Exercise instructions | Transcribe all of the data, leaving nothing out and changing nothing.

Information shown |
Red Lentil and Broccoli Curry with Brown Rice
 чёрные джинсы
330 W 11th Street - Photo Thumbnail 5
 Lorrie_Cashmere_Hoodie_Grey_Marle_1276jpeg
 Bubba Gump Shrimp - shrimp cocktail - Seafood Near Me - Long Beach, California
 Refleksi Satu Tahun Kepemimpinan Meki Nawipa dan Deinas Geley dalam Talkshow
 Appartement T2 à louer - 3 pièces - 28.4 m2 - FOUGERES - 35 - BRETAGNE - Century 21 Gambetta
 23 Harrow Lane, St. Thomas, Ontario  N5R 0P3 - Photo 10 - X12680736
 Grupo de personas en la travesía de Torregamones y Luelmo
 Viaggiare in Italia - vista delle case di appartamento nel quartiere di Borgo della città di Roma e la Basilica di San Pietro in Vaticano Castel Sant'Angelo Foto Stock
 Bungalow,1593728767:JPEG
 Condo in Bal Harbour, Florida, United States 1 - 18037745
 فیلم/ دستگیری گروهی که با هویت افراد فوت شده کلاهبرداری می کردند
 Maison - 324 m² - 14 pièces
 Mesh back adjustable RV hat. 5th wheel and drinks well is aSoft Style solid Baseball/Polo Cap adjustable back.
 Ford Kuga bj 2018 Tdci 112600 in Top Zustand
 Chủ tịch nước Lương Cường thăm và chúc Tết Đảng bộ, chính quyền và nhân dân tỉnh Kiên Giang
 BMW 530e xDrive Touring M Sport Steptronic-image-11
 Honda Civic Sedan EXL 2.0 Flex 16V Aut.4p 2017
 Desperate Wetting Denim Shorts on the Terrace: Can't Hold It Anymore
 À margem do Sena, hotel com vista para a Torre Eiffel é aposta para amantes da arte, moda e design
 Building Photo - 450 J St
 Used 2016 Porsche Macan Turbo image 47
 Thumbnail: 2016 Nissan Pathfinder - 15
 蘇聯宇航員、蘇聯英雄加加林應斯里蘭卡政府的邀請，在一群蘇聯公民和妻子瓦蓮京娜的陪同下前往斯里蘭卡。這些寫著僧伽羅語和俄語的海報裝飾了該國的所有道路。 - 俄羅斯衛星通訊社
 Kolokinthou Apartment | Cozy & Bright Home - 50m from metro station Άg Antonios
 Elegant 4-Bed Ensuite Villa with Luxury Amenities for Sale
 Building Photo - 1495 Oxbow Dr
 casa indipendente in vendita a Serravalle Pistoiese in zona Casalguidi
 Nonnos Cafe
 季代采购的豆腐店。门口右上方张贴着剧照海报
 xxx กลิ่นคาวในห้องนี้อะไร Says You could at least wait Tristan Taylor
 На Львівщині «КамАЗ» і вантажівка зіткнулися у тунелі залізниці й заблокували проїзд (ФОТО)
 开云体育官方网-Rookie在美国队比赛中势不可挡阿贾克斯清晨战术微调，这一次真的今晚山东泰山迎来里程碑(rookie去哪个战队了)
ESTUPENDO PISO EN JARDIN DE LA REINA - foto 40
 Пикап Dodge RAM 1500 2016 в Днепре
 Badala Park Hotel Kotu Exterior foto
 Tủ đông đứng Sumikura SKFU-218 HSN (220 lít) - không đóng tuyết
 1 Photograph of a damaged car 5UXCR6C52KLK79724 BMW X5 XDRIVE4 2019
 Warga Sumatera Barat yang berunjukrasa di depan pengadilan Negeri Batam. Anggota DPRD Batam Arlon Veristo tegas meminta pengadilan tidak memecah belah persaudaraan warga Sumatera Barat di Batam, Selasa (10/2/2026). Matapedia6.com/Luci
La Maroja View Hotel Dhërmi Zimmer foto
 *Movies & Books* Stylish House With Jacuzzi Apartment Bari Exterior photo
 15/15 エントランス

Written answer |
Red Lentil and Broccoli Curry with Brown Rice
 чёрные джинсы
330 W 11th Street - Photo Thumbnail 5
 Lorrie_Cashmere_Hoodie_Grey_Marle_1276jpeg
 Bubba Gump Shrimp - shrimp cocktail - Seafood Near Me - Long Beach, California
 Refleksi Satu Tahun Kepemimpinan Meki Nawipa dan Deinas Geley dalam Talkshow
 Appartement T2 à louer - 3 pièces - 28.4 m2 - FOUGERES - 35 - BRETAGNE - Century 21 Gambetta
 23 Harrow Lane, St. Thomas, Ontario  N5R 0P3 - Photo 10 - X12680736
 Grupo de personas en la travesía de Torregamones y Luelmo
 Viaggiare in Italia - vista delle case di appartamento nel quartiere di Borgo della città di Roma e la Basilica di San Pietro in Vaticano Castel Sant'Angelo Foto Stock
 Bungalow,1593728767:JPEG
 Condo in Bal Harbour, Florida, United States 1 - 18037745
 فیلم/ دستگیری گروهی که با هویت افراد فوت شده کلاهبرداری می کردند
 Maison - 324 m² - 14 pièces
 Mesh back adjustable RV hat. 5th wheel and drinks well is aSoft Style solid Baseball/Polo Cap adjustable back.
 Ford Kuga bj 2018 Tdci 112600 in Top Zustand
 Chủ tịch nước Lương Cường thăm và chúc Tết Đảng bộ, chính quyền và nhân dân tỉnh Kiên Giang
 BMW 530e xDrive Touring M Sport Steptronic-image-11
 Honda Civic Sedan EXL 2.0 Flex 16V Aut.4p 2017
 Desperate Wetting Denim Shorts on the Terrace: Can't Hold It Anymore
 À margem do Sena, hotel com vista para a Torre Eiffel é aposta para amantes da arte, moda e design
 Building Photo - 450 J St
 Used 2016 Porsche Macan Turbo image 47
 Thumbnail: 2016 Nissan Pathfinder - 15
 蘇聯宇航員、蘇聯英雄加加林應斯里蘭卡政府的邀請，在一群蘇聯公民和妻子瓦蓮京娜的陪同下前往斯里蘭卡。這些寫著僧伽羅語和俄語的海報裝飾了該國的所有道路。 - 俄羅斯衛星通訊社
 Kolokinthou Apartment | Cozy & Bright Home - 50m from metro station Άg Antonios
 Elegant 4-Bed Ensuite Villa with Luxury Amenities for Sale
 Building Photo - 1495 Oxbow Dr
 casa indipendente in vendita a Serravalle Pistoiese in zona Casalguidi
 Nonnos Cafe
 季代采购的豆腐店。门口右上方张贴着剧照海报
 xxx กลิ่นคาวในห้องนี้อะไร Says You could at least wait Tristan Taylor
 На Львівщині «КамАЗ» і вантажівка зіткнулися у тунелі залізниці й заблокували проїзд (ФОТО)
 开云体育官方网-Rookie在美国队比赛中势不可挡阿贾克斯清晨战术微调，这一次真的今晚山东泰山迎来里程碑(rookie去哪个战队了)
ESTUPENDO PISO EN JARDIN DE LA REINA - foto 40
 Пикап Dodge RAM 1500 2016 в Днепре
 Badala Park Hotel Kotu Exterior foto
 Tủ đông đứng Sumikura SKFU-218 HSN (220 lít) - không đóng tuyết
 1 Photograph of a damaged car 5UXCR6C52KLK79724 BMW X5 XDRIVE4 2019
 Warga Sumatera Barat yang berunjukrasa di depan pengadilan Negeri Batam. Anggota DPRD Batam Arlon Veristo tegas meminta pengadilan tidak memecah belah persaudaraan warga Sumatera Barat di Batam, Selasa (10/2/2026). Matapedia6.com/Luci
La Maroja View Hotel Dhërmi Zimmer foto
 *Movies & Books* Stylish House With Jacuzzi Apartment Bari Exterior photo
 15/15 エントランス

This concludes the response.